More British universities have revealed that they were casualties of the data breach incident at cloud services supplier Blackbaud.
Newcastle University has now publicly disclosed that its data had been compromised by the breach.
Responding to a query from the BBC, a spokeswoman for the university said: “We were made aware of a security incident involving a service provider we use, BlackBaud, one of the world’s largest providers of alumni database software.
“We apologise for any concern or inconvenience caused… and we have initiated a security review.”
Blackbaud, which is headquartered in South Carolina in the US, has disclosed that it first became aware of the incident in May and has now confirmed that it paid the hackers a ransom.
However, clients of the firm, which include numerous British universities and charitable organisations, were only told of the breach on 16th July.
The company insists that the compromised data did not include payment card or bank account details, though a source has informed the BBC that other sensitive data pertaining to affected organisations’ donors was involved.
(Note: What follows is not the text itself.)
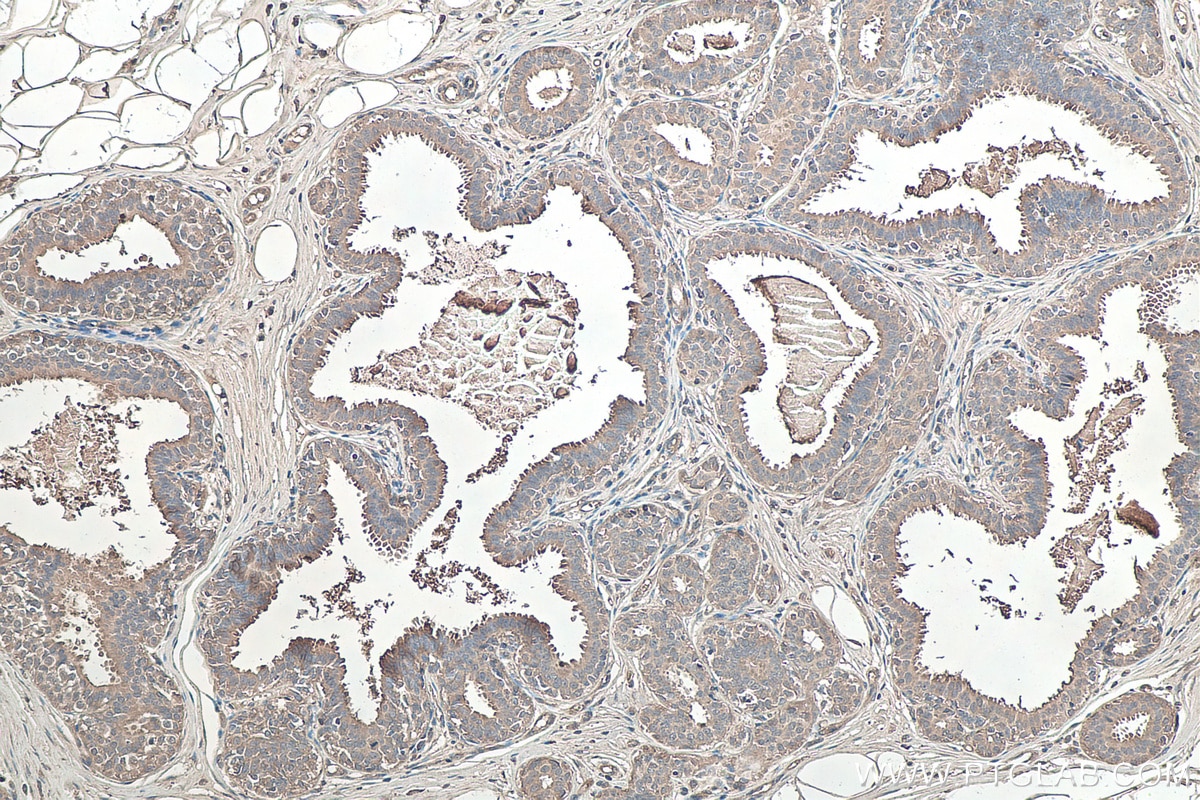Immunohistochemistry (IHC) staining of human breast cancer tissue using TNC/Tenascin-C Monoclonal antibody (67710-1-Ig)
This included names, ages and addresses, employers, car licence numbers, estimated wealth, the amount of previous donations, the donor’s history of charitable donations and gifts, spouses’ identity, and estimated wealth and assets.
Blackbaud has so far refused to publicly name the affected clients, but the BBC has learnt that the breach affected numerous British universities and schools.
The schools include Radley College in Abingdon, St Aloysius’ College in Glasgow, and St Albans School in Hertfordshire.
The UK universities affected by the breach include the University of Cambridge’s Hughes Hall College and Selwyn College, as well as Oxford University’s Brasenose College.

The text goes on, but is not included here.